In looking at this story as a folk
tale, I am reminded of the story by C.S. Lewis, Pilgrim’s Regress, in which a
pilgrim sets out on his voyage of life, and in his naivety see’s that which is
around him as being torturous, or set against him. As the pilgrim reaches his
desired destiny he is reminded of his humanity, granted empathy, and so
retraces his pilgrimage and sees that which stood against him as being agents
that aided him in a personal transformation. So has Job experienced a
pilgrimage, one of suffering, that has been transformative and helped him to
see his self, and the world around him with a different perspective. It is then
possible that it is not the friends and wife that seeming change so drastically
from the start to the finish of the story, but Job himself that has been
transfigured through suffering. His transfiguration has not made him superior
or more righteous, it has made him more aware of what every one experiences in
this life, for good or ill. Even the animals that the Lord lists to Job become
a lesson for Job.
The
perplexing parade of creatures in Yahweh’s answer to Job in 38:39-41:34 is not
so out of place or irrelevant as is often assumed by commentators… They are
there to convey information to Job that will help him complete his quest for
meaning. Living illustrations of the mystery of creation, these animal helpers
allow Job to place the suffering of human beings in a less parochial, more
cosmic perspective.
Using the folk tale interpretation
method the story of Job becomes less irrelevant, and a tale told by a people
that experienced trauma on a regular basis to comfort them.

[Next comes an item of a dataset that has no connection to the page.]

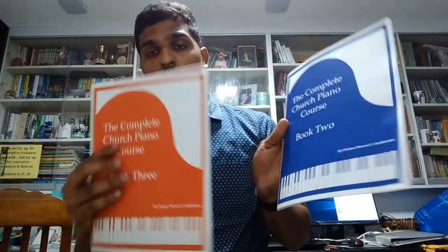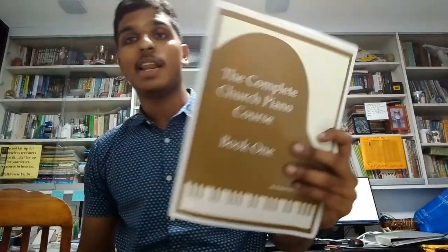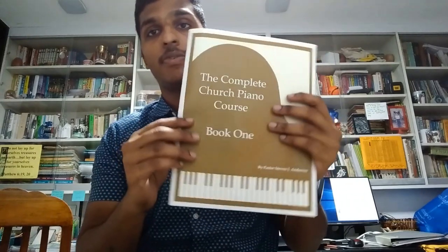This book comes in three parts: book one, book two, and book three. This book is actually a course that was written by Pastor Steven L. Anderson from USA, Phoenix, Arizona.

Job becomes
relatable in his unmerited loss to the losses that every person eventually faces.
If we are to see that Job’s journey is one of a folk tale “Shaman” instead of
an arrogant man being made humble before a vast and unfathomable God, this tale
is one of healing from trauma in a heroic fashion. The suffering of Job can be
seen as his opportunity to rise to a greater level of awareness and social
integration. The sufferer can become a healer; anyone can rise from the exile
of illness and assist in the healing of others (p.81).
A shaman brings healing through symbolic activity
that invoke imagery and emotions that trigger the limbic system which in turn
has an effect on the autonomic nervous system, hypothalamus, and pituitary
gland. This activation directly stimulates the immunological systems of the
body (p.81). The story of Job acts in shaman form by invoking the images of
nature, the height of creation and inspiring us, the audience, that even when
the world that we have built, crumbles around us through illness and calamity,
there is a world of wonder that is full of glory, wonder, and the ever healing
Spirit of Life Itself.
This interpretation of the book of
Job has impacted me in a shaman fashion by reminding me to acknowledge, and
then rise from the ashes of emotional and physical trauma by embracing that which
I love the most. The play of a Papillion puppy, the embrace of my partner,
outrageously stupid sci fi flicks that make me smile in their absurdity. To grow through my personal pain while
holding open hands to others aiding in the ever growing human bridge that spans
the gulf of grief.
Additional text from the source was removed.